At 21:31 11th Oct 2008, mirrorski wrote:I'm not an academic, an economist, a city trader, a politician or a chief executive so please can someone tell me if I am correct in my assumptions.
1. The banks have created this problem through reckless lending. This isn't just the American banks but the UK ones too.
2. If this situation wasn't bad enough the banks concerned then, in a bid to maximise short term profits and bonuses, bought the very same reckless loans when they were bundled together into investment packages.
3. Nobody thought at any stage, including those paid to do exactly that (CEO's and FSA), that this was completely irresponsible.
4. The government finally get involved and tell the UK public that the banks must be saved to protect the wider economy.

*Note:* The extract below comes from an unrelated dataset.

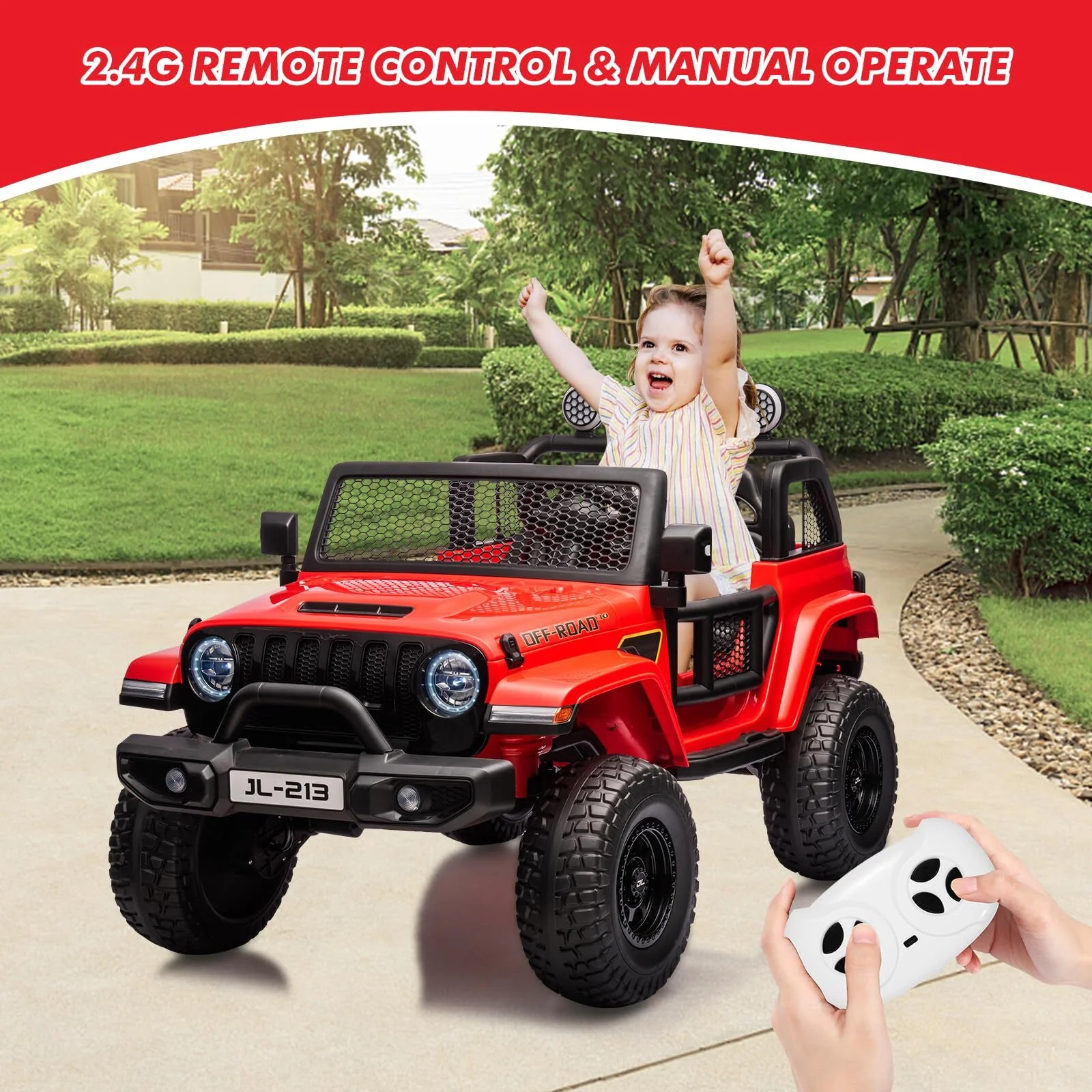 24V 2-Seater Kids Electric Ride-On Truck with Switchable 2WD/4WD Drive - Image 12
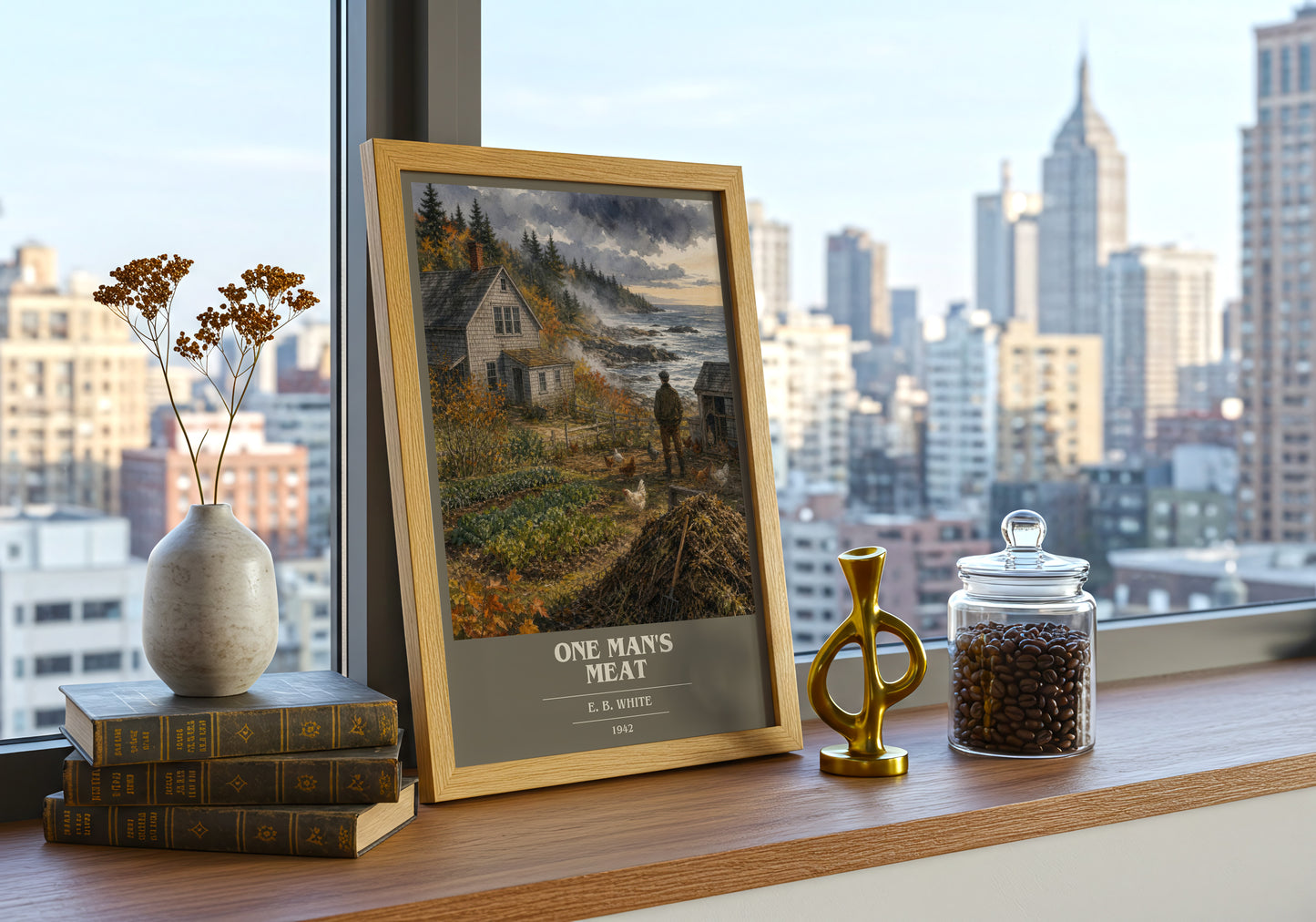 One Man'S Meat book cover print framed by window – literary home decor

5. They give the banks (private companies) our money which will result in higher taxes or less government spending on public services.
6. The banks then refuse to play their part in the rescue they so desperately need by still refusing to lend to each other.
Should this not tell us that they know something we don't?
My guess.......they know that house prices are going to fall by at least 50%, more mortgage defaults are imminent and a massive recession is on the way. They know very well that the good times are well and truly over and it's time to pay for their (both govenrment and banks) irresponsible behaviour.
The problem is that it is the people that didn't borrow excessively, lived within their means, were prepared to wait for a better car, larger house and more exotic holidays but did put money aside for a rainy day, 'invested' in a pension and maked do with what they had are really going to pay the most.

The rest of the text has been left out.